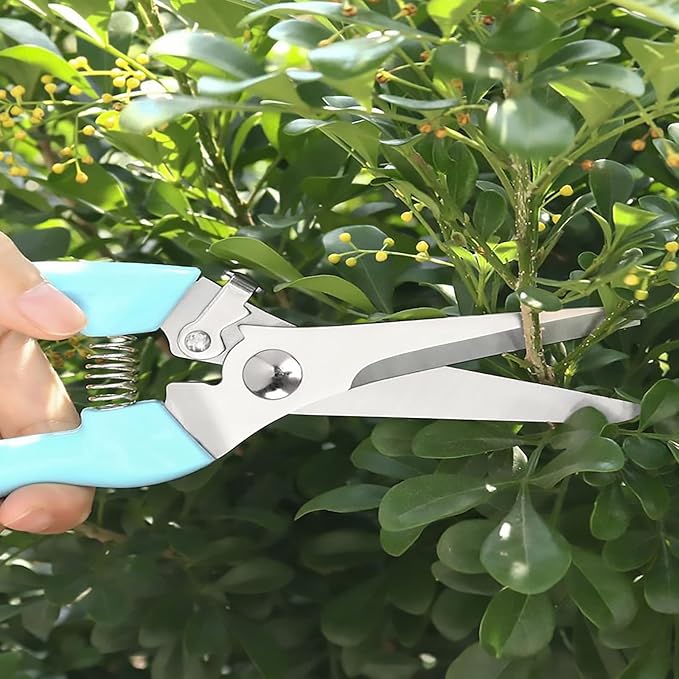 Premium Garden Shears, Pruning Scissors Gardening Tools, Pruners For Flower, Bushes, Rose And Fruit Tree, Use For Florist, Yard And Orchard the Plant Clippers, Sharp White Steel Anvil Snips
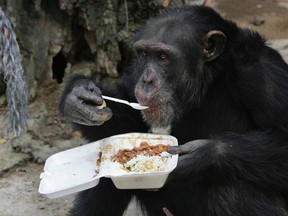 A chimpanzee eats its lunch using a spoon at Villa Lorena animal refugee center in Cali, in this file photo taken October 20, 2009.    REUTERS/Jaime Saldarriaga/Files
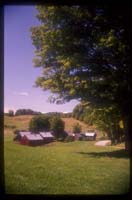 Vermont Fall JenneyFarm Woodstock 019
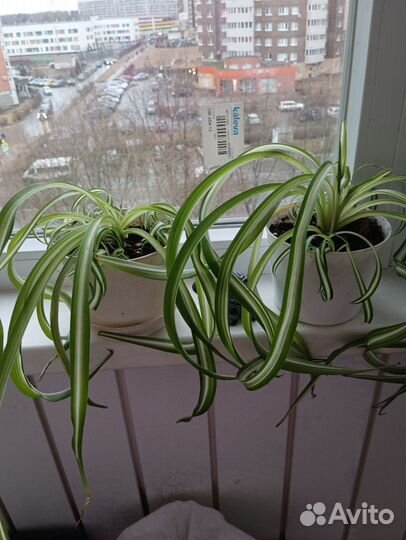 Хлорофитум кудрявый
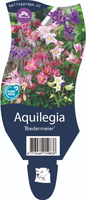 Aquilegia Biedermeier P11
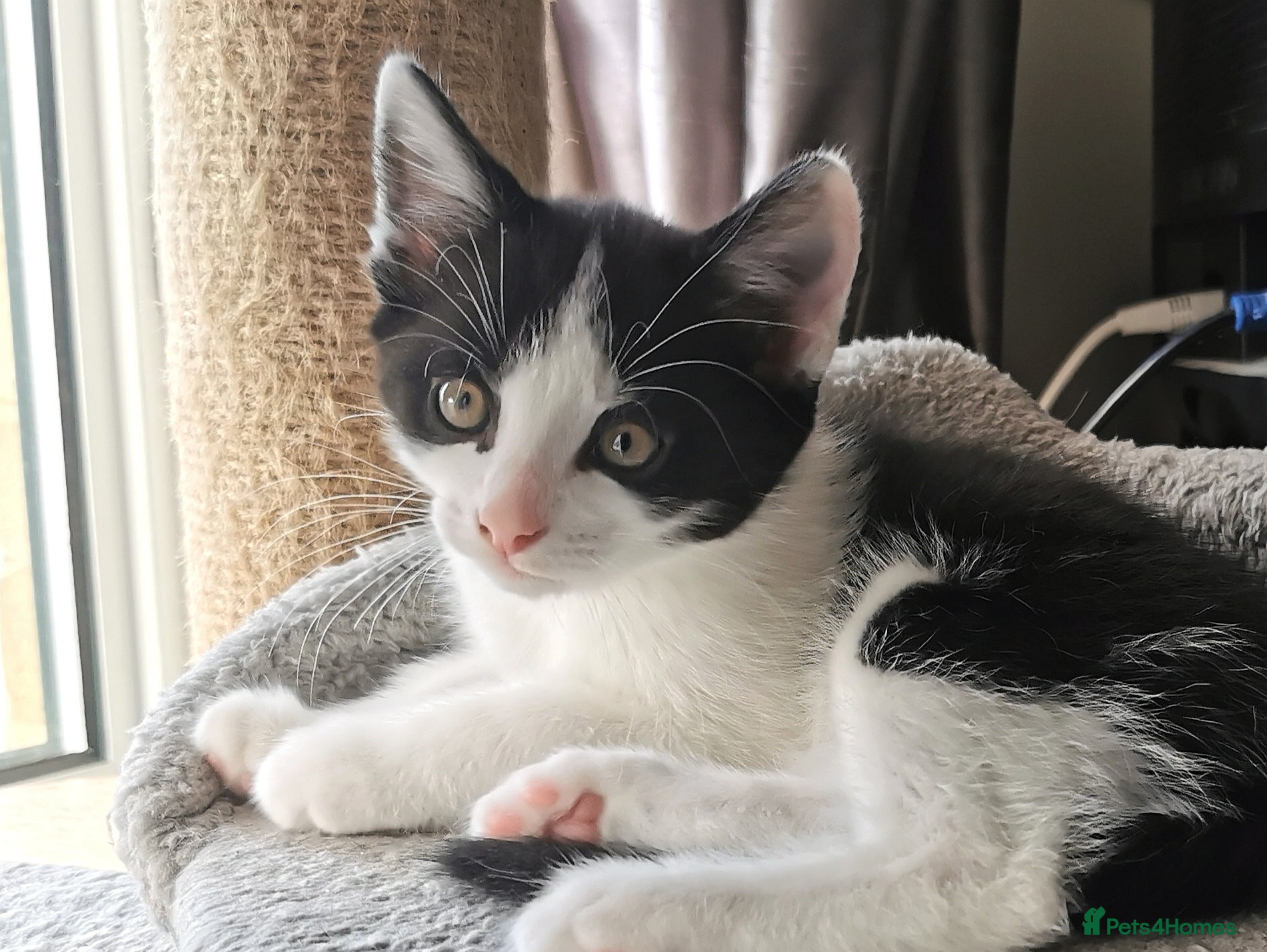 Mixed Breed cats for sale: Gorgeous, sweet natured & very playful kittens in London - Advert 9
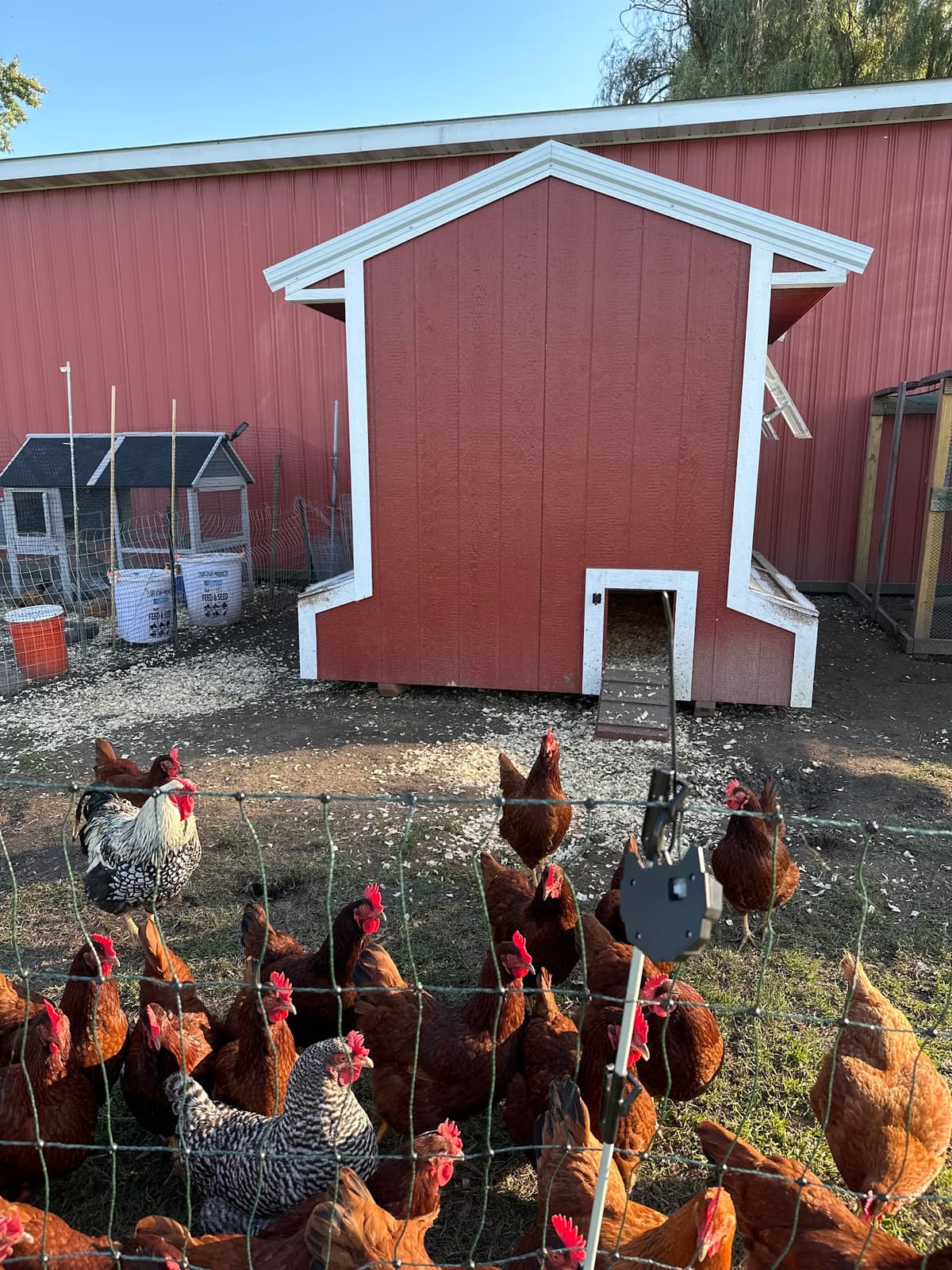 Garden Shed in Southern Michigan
...
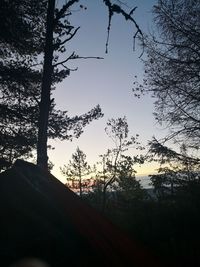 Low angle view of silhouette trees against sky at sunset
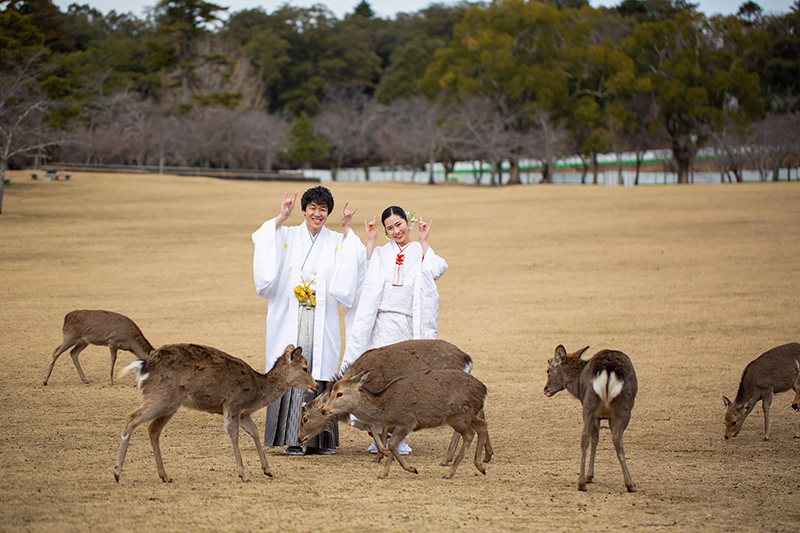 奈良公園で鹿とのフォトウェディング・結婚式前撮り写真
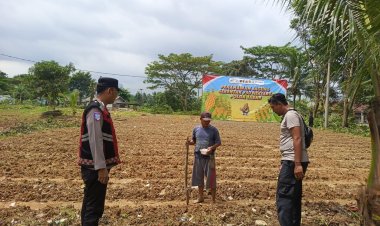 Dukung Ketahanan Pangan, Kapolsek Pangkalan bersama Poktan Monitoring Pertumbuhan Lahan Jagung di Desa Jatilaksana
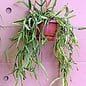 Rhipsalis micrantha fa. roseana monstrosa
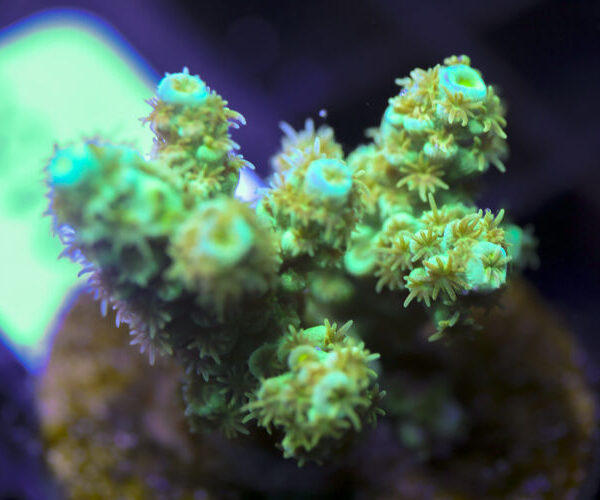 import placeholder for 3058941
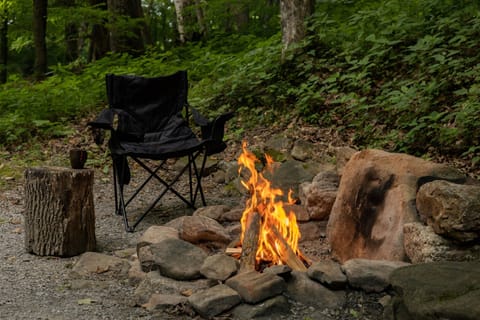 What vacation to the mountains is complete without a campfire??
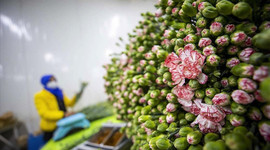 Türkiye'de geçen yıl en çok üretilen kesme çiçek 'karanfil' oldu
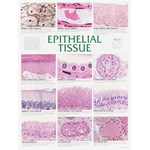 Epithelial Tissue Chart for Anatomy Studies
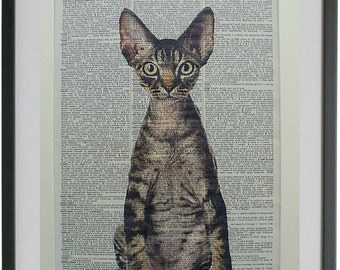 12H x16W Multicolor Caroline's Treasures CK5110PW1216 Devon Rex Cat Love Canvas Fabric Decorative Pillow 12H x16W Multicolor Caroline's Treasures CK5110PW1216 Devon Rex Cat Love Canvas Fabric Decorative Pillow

Your task:
Take the material above and output only the lines from the one that contains "Mixed Breed cats" through the one that contains "Garden Shed in Southern Michigan", ends included and images left out.

Solution:
 Mixed Breed cats for sale: Gorgeous, sweet natured & very playful kittens in London - Advert 9
 Garden Shed in Southern Michigan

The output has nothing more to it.